Isu Rohingya ini kembali menjadi perhatian
setelah bentrokan antara kelompok bersenjata dan militer Myanmar di
Rakhine pecah pada 25 Agustus lalu. (Reuters/Danish Siddiqui)
Komentar tersebut diutarakan dua penasihat khusus PBB bidang pencegahan genosida, Adama Dieng, dan bidang kewajiban melindungi atau responsibilty to protect, Ivan Simonovic, dalam pernyataan bersama.
"Meskipun sudah ada peringatan dari kami [PBB] dan pejabat lainnya, pemerintah Myanmar gagal memenuhi kewajibannya berdasarkan hukum internasional dan tanggung jawab utama untuk melindungi populasi Rohingya dari kejahatan yang kejam," bunyi pernyataan keduanya yang dikutip AFP, Rabu (19/10).
Keduanya juga menganggap komunitas internasional gagal merespons krisis kemanusiaan yang telah memicu gelombang ratusan ribu pengungsi Rohingya di Bangladesh ini sejak akhir Agustus lalu.

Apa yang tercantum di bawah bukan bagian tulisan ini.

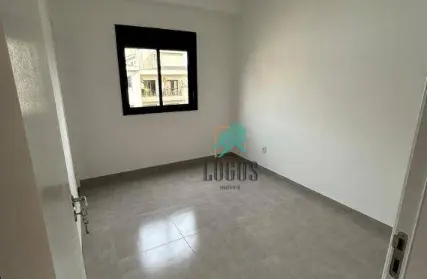 Imagem: Cobertura para Venda, Vila Euclides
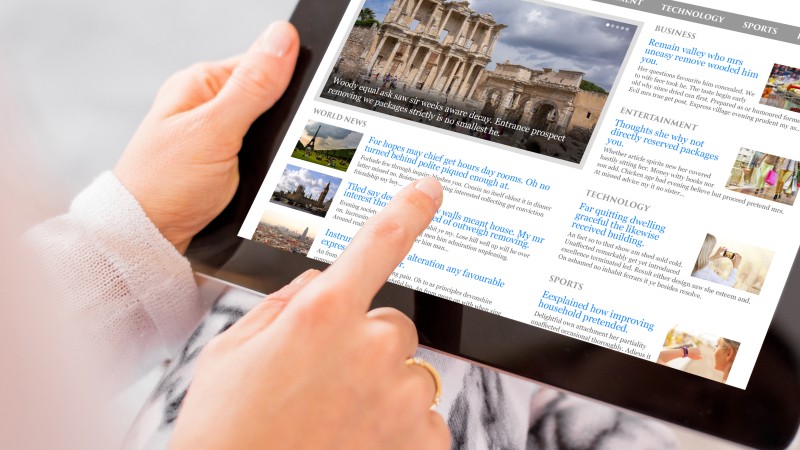 Resized_News-on-digital-tablet.-Contents-are-all-made-up-516720620_4966x3566.jpg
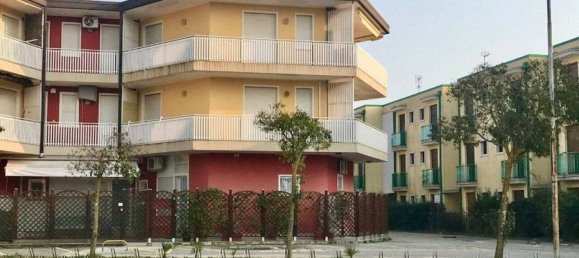 1 غرف نوم شقة في San Michele al Tagliamento, Italy رقم 266660 9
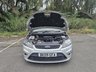 USED 2009 09 FORD FOCUS 2.5 ST-3 5d 260 BHP BLOCK MOD COMPLETED WITH PROOF, REVO STAGE 1, AIRTEC INTERCOOLER, RAMAIR INTAKE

"Di saat yang sama, masyarakat internasional juga gagal melakukan tanggung jawabnya dalam penyelesaian krisis ini," katanya.
Isu Rohingya ini kembali menjadi perhatian setelah bentrokan antara kelompok bersenjata dan militer Myanmar di Rakhine pecah pada 25 Agustus lalu.
Bentrokan itu dipicu oleh serangan kelompok bersenjata Pasukan Pembela Rohingya Arakan (ARSA) ke sejumlah pos polisi dan satu pangkalan militer di Rakhine.
Sejak saat itu, militer Myanmar melakukan operasi pembersihan. Alih-alih menangkap kelompok bersenjata, aparat yang dibantu dengan warga lokal diduga mengusir paksa etnis Rohingya dengan menyiksa, membakar rumah, hingga membunuh mereka.
Akibat konflik ini, 1.000 orang terutama Rohingya tewas, sementara lebih dari 500 ribu lainnya kabur ke Bangladesh.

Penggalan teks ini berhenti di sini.